A operação foi organizada pelo Instituto de Pesquisa em Populações Prioritárias (IRPP) em colaboração com equipes da Fiocruz e da Faculdade Zarns, com ações de assistência imediata aos casos identificados e capacitação prática de estudantes de saúde. O desenho do estudo privilegiou adaptação logística a contextos de vulnerabilidade e a integração entre diagnóstico e cuidado clínico nos locais de atendimento.

Resultados preliminares e mapeamento de coinfecções

Os resultados preliminares apontaram mais de 14 casos ativos de tuberculose e dezenas de infecções latentes em populações atendidas, segundo relatório inicial da equipe. O inquérito também mapeou coinfecções associadas, incluindo HIV, sífilis e hepatites, o que permite traçar perfis epidemiológicos e priorizar intervenções locais.

A identificação de casos subclínicos e de infecção latente amplia a capacidade de vigilância, ao possibilitar intervenções precoces e monitoramento de contatos. Esses achados serão detalhados em relatórios técnicos que poderão subsidiar revisões de protocolos e estratégias de prevenção em comunidades indígenas e áreas urbanas adjacentes.
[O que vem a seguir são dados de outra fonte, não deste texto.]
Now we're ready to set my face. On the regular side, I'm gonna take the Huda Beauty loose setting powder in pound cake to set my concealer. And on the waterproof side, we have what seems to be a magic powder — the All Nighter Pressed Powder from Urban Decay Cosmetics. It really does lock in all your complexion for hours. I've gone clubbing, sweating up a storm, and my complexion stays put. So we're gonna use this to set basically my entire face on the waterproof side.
Repercussões para políticas públicas e assistência

Em declaração sobre os resultados, Dra. Beatriz Duarte afirmou:

Estamos construindo evidências científicas que podem subsidiar políticas públicas mais eficazes, mas também garantimos cuidado imediato às pessoas atendidas. É a união de tecnologia, ciência de ponta e acolhimento humanizado para reduzir desigualdades históricas em saúde.” A afirmação reforça o caráter translacional do estudo, que articula investigação e assistência.

A combinação de diagnóstico de alta precisão com oferta imediata de cuidados pode orientar políticas de detecção precoce e manejo integrado de coinfecções em populações vulneráveis. Especialistas consultados pela equipe ressaltam a possibilidade de replicação do modelo em outras regiões com populações indígenas ou em áreas de alta vulnerabilidade epidemiológica.
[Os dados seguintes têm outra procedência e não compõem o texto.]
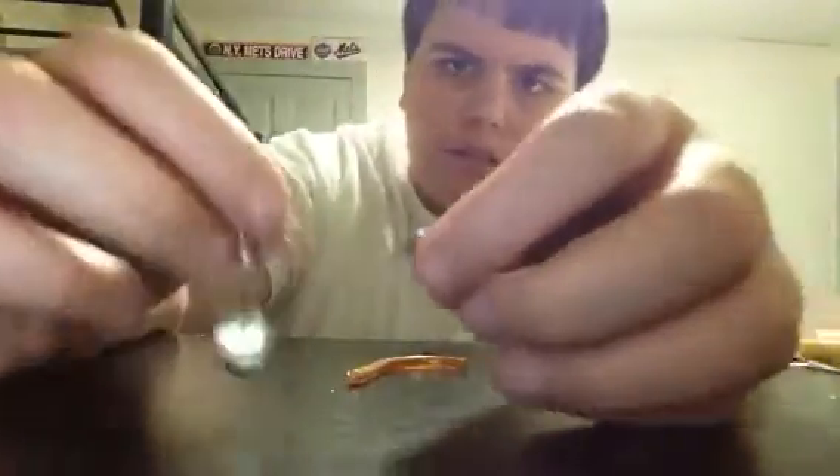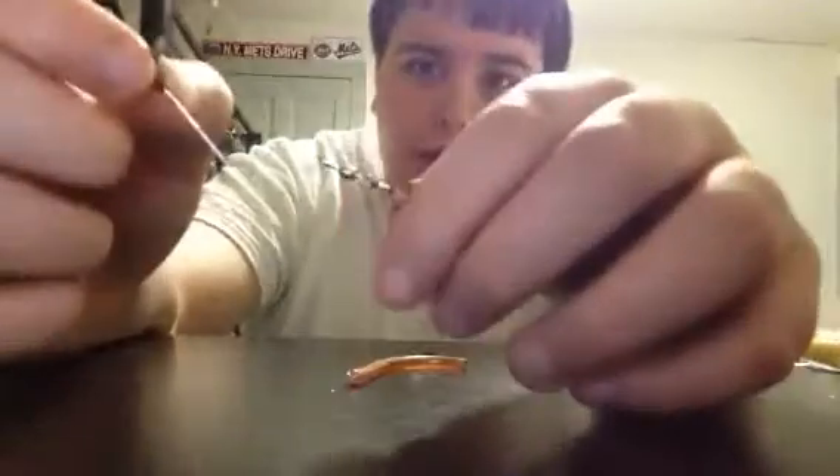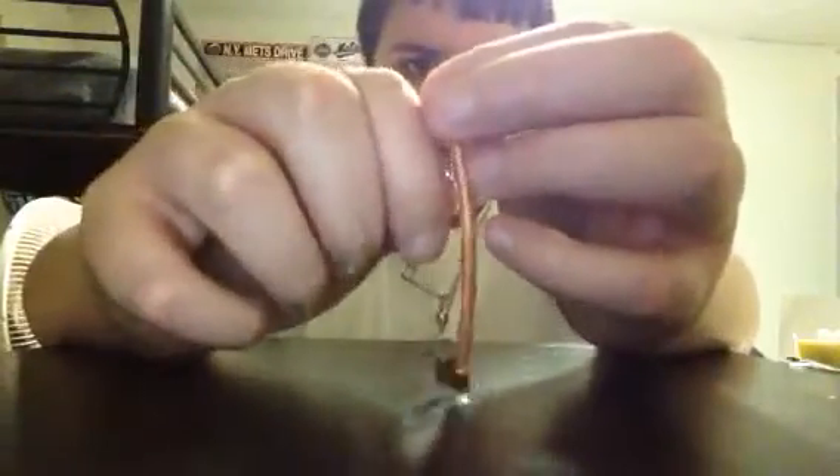Here we go. Oh man, I got a little spinner thing on there. This actually looks really good for bass. I'm going to fish Lake Mineola, and I was using this rig up at Lake Mineola — oh my god, bass were tearing it up.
Perfil da pesquisadora e rede de colaboração

Dra. Beatriz Duarte, com 28 anos, é professora na Faculdade Zarns e fundadora do IRPP. É autora de estudos publicados em periódicos internacionais como The Lancet Regional Health – Americas e Nature Microbiology, com foco em doenças infecciosas, saúde pública e equidade em saúde. Sua atuação concentra-se no enfrentamento da tuberculose e do HIV em contextos vulneráveis.
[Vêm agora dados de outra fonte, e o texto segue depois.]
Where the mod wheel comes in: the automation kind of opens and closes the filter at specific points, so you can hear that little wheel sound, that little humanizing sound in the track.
Além do inquérito em Manaus, a pesquisadora lidera projetos em aldeias indígenas, presídios e comunidades de alta vulnerabilidade, articulando assistência, formação prática de estudantes e produção de evidências científicas. As parcerias institucionais e a integração entre pesquisa e serviço são apontadas pela equipe como elementos centrais para a sustentabilidade das intervenções.